TASK TO COMPLETE: What you return should be the complete data below, word for word, with no pictures in it.

COLLECTED DATA:
*-*-*
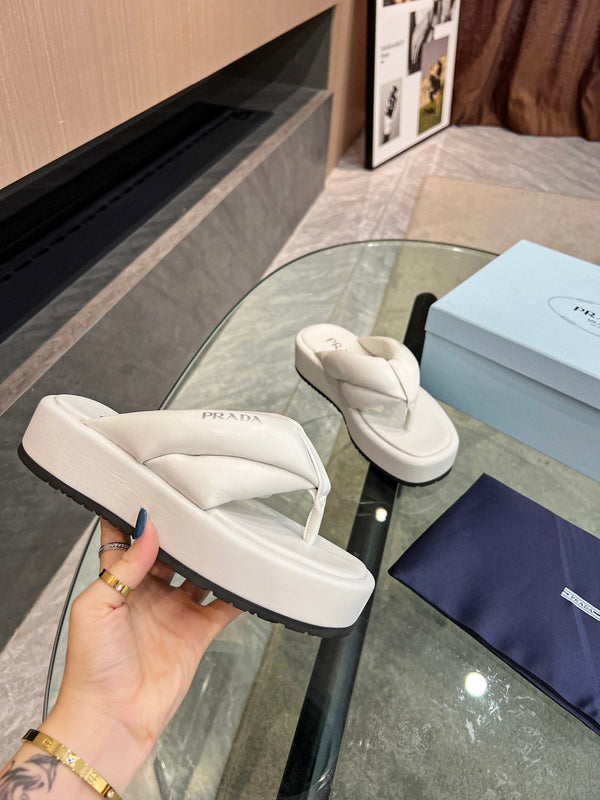 PRA THONG FLATFORM SANDALS WHITE LAMBSKIN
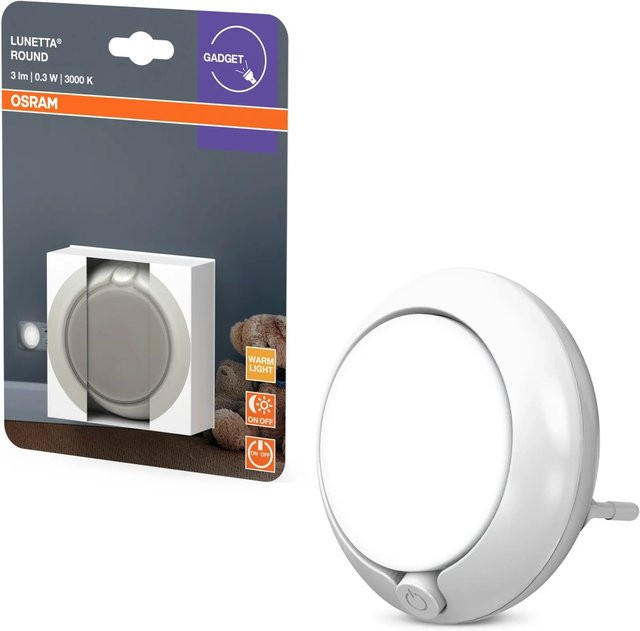 Osram LED-Nachtlicht Lunetta Round in Weiß mit Dämmerungssensor, Warmweiß, Durchmesser: 7,1 cm - Bild 2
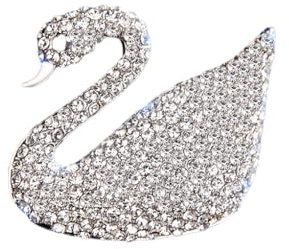 Brosche 2 Stück Schwarzer Schwan Brosche Damen Pullover Pin Schal Schal Schnalle Für Abendkleid Smoking Formelle Kleidung Silber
*-*-*
SOLUTION FOR THIS TASK:
 PRA THONG FLATFORM SANDALS WHITE LAMBSKIN
 Osram LED-Nachtlicht Lunetta Round in Weiß mit Dämmerungssensor, Warmweiß, Durchmesser: 7,1 cm - Bild 2
 Brosche 2 Stück Schwarzer Schwan Brosche Damen Pullover Pin Schal Schal Schnalle Für Abendkleid Smoking Formelle Kleidung Silber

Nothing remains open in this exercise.